Segment Start: MATERIAL PROVIDED

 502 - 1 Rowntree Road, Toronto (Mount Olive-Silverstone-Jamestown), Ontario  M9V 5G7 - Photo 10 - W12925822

Segment End: MATERIAL PROVIDED
Segment Start: MATERIAL PROVIDED

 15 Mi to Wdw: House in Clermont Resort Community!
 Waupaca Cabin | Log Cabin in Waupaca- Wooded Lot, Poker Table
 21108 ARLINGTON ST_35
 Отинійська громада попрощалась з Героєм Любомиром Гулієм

Segment End: MATERIAL PROVIDED

> **DIRECTIONS FOR THIS TASK**: Of the entries above, repeat exactly the lines from the line with "Waupaca Cabin |" through the line with "Отинійська громада попрощалась", both of them included.

> **REPLY**:
 Waupaca Cabin | Log Cabin in Waupaca- Wooded Lot, Poker Table
 21108 ARLINGTON ST_35
 Отинійська громада попрощалась з Героєм Любомиром Гулієм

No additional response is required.